→ **Task description**
From the records below, output exactly the lines running from the line containing "欧阳娜娜在藏族婚礼上当伴娘" through the line containing "2467 Marisa Place", and no others.

Start of Material to process

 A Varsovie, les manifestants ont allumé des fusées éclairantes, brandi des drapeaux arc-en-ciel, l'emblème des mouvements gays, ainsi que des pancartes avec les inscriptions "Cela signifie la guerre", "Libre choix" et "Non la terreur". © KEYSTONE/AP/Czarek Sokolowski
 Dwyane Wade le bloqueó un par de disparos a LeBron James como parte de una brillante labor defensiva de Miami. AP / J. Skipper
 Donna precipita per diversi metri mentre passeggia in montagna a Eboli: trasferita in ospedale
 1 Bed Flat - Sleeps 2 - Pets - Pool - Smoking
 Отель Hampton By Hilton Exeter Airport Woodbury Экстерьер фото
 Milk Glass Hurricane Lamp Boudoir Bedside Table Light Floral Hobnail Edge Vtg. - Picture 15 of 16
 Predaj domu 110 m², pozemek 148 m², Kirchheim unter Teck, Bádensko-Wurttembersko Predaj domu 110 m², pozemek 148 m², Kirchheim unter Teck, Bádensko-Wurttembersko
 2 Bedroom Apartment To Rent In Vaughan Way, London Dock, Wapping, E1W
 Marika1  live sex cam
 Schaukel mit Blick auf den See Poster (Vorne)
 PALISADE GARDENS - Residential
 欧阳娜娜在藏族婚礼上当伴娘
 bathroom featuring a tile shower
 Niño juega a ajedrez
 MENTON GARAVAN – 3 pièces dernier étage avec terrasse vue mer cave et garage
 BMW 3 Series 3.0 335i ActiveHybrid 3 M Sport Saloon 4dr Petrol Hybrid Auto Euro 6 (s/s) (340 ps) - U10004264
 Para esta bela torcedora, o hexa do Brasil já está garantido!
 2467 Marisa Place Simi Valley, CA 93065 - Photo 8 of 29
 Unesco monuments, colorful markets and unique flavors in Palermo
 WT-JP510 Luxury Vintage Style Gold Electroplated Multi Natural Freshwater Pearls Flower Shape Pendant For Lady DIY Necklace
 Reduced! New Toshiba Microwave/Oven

End of Material to process

→ **Expected answer**
 欧阳娜娜在藏族婚礼上当伴娘
 bathroom featuring a tile shower
 Niño juega a ajedrez
 MENTON GARAVAN – 3 pièces dernier étage avec terrasse vue mer cave et garage
 BMW 3 Series 3.0 335i ActiveHybrid 3 M Sport Saloon 4dr Petrol Hybrid Auto Euro 6 (s/s) (340 ps) - U10004264
 Para esta bela torcedora, o hexa do Brasil já está garantido!
 2467 Marisa Place Simi Valley, CA 93065 - Photo 8 of 29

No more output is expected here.